Records excerpted from a collection
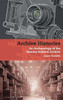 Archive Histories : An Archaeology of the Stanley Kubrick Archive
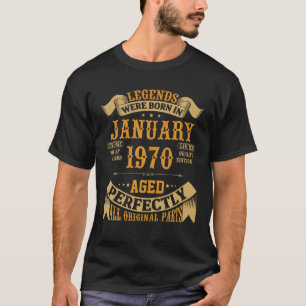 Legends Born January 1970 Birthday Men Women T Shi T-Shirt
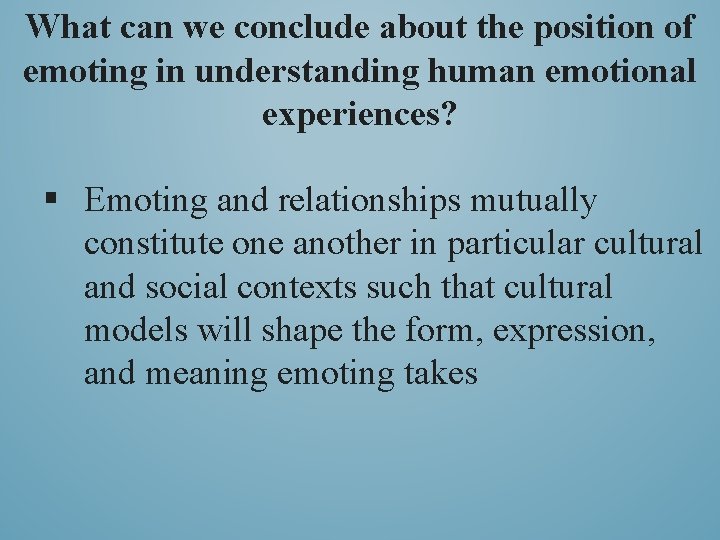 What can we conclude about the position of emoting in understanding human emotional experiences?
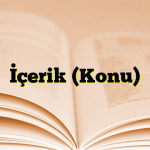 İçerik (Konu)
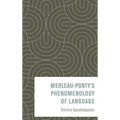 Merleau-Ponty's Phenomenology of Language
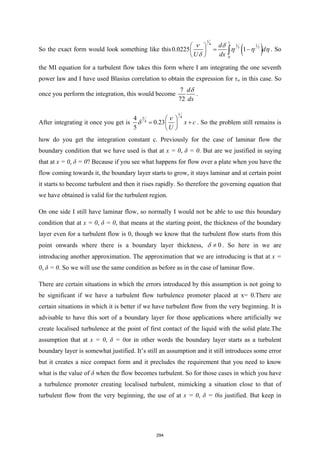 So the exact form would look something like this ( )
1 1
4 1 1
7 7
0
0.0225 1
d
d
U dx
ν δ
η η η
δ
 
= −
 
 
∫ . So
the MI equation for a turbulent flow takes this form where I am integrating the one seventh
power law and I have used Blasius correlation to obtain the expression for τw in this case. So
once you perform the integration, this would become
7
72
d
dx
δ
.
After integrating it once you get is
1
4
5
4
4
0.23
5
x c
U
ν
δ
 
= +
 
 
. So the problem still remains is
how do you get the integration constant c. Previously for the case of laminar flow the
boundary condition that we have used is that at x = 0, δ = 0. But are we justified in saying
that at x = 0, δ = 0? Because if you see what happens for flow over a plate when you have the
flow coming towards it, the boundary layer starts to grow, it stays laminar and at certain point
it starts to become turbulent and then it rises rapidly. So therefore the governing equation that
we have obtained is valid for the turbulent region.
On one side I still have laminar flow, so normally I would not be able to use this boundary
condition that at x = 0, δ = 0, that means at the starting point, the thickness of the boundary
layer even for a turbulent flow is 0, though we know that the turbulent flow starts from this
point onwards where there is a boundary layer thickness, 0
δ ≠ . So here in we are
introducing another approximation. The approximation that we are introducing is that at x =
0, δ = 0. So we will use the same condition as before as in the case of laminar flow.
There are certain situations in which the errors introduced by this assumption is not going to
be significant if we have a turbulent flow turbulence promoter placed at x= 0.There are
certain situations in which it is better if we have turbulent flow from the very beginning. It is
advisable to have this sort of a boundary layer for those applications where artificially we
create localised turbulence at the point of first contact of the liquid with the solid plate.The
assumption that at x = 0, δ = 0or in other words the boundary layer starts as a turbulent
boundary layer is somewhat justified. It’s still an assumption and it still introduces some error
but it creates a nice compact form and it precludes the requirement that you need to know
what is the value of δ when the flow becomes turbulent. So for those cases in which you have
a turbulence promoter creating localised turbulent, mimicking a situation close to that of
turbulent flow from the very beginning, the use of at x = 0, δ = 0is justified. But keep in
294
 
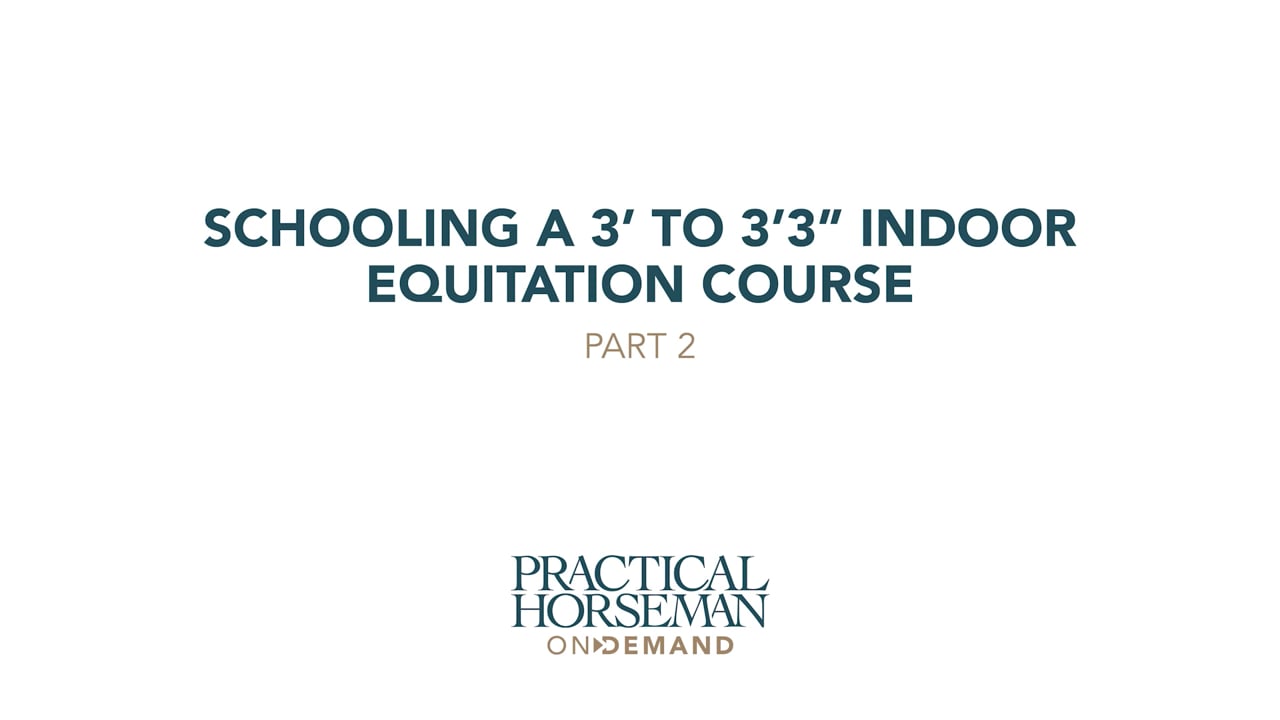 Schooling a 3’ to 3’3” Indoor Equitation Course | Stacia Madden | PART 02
* * *
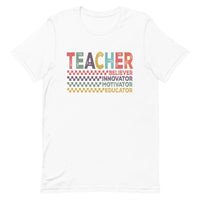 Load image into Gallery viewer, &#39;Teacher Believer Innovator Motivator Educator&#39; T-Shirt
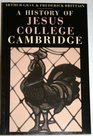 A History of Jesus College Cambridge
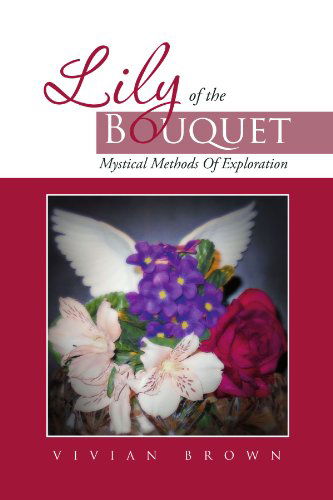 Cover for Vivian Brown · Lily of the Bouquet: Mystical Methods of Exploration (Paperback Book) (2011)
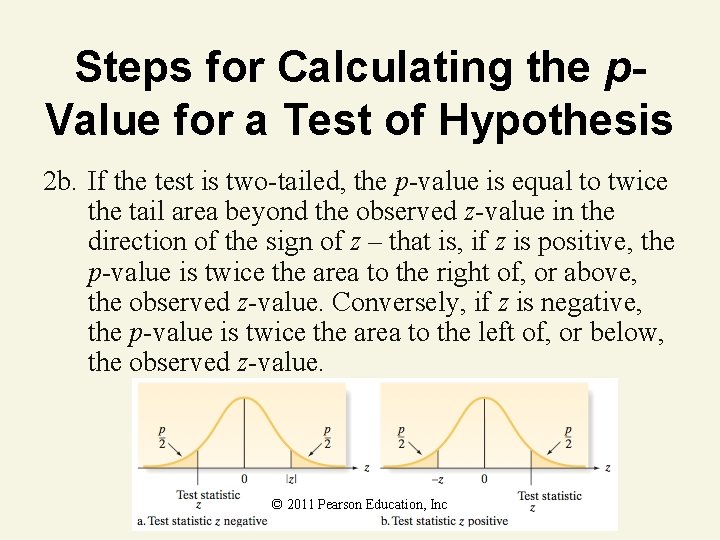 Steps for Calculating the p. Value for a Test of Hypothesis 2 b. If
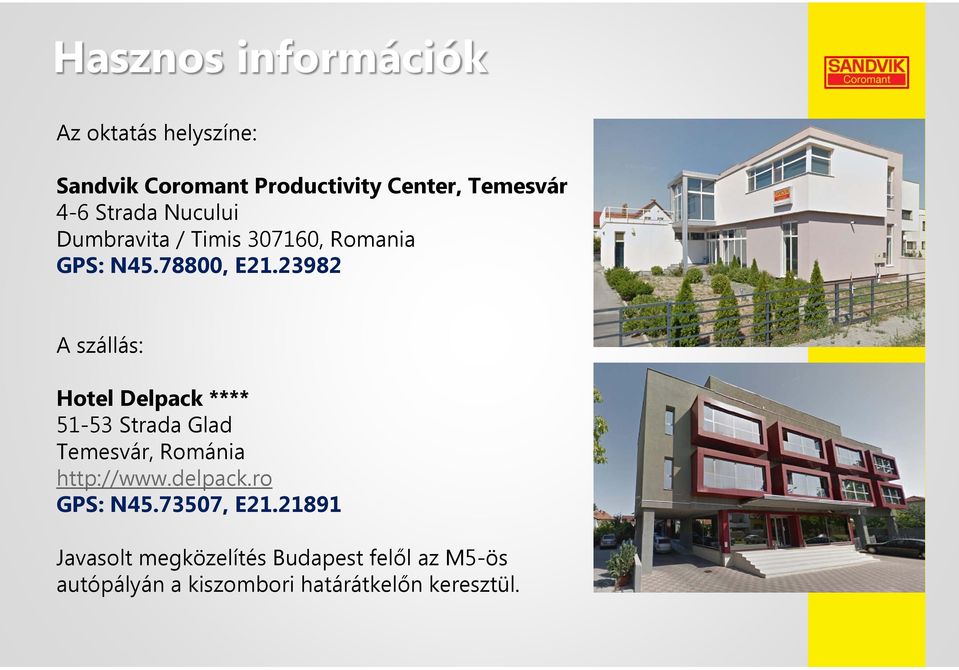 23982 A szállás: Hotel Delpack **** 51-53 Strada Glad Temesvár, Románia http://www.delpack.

• [Directions for this task]: Pictures aside, return exactly the lines from the data above, starting at the line that has "Archive Histories : An" and ending at the line that has "advisable to have", both included.

• [Result below]:
 Archive Histories : An Archaeology of the Stanley Kubrick Archive
 Legends Born January 1970 Birthday Men Women T Shi T-Shirt
 What can we conclude about the position of emoting in understanding human emotional experiences?
 İçerik (Konu)
 Merleau-Ponty's Phenomenology of Language
 So the exact form would look something like this ( )
1 1
4 1 1
7 7
0
0.0225 1
d
d
U dx
ν δ
η η η
δ
 
= −
 
 
∫ . So
the MI equation for a turbulent flow takes this form where I am integrating the one seventh
power law and I have used Blasius correlation to obtain the expression for τw in this case. So
once you perform the integration, this would become
7
72
d
dx
δ
.
After integrating it once you get is
1
4
5
4
4
0.23
5
x c
U
ν
δ
 
= +
 
 
. So the problem still remains is
how do you get the integration constant c. Previously for the case of laminar flow the
boundary condition that we have used is that at x = 0, δ = 0. But are we justified in saying
that at x = 0, δ = 0? Because if you see what happens for flow over a plate when you have the
flow coming towards it, the boundary layer starts to grow, it stays laminar and at certain point
it starts to become turbulent and then it rises rapidly. So therefore the governing equation that
we have obtained is valid for the turbulent region.
On one side I still have laminar flow, so normally I would not be able to use this boundary
condition that at x = 0, δ = 0, that means at the starting point, the thickness of the boundary
layer even for a turbulent flow is 0, though we know that the turbulent flow starts from this
point onwards where there is a boundary layer thickness, 0
δ ≠ . So here in we are
introducing another approximation. The approximation that we are introducing is that at x =
0, δ = 0. So we will use the same condition as before as in the case of laminar flow.
There are certain situations in which the errors introduced by this assumption is not going to
be significant if we have a turbulent flow turbulence promoter placed at x= 0.There are
certain situations in which it is better if we have turbulent flow from the very beginning. It is
advisable to have this sort of a boundary layer for those applications where artificially we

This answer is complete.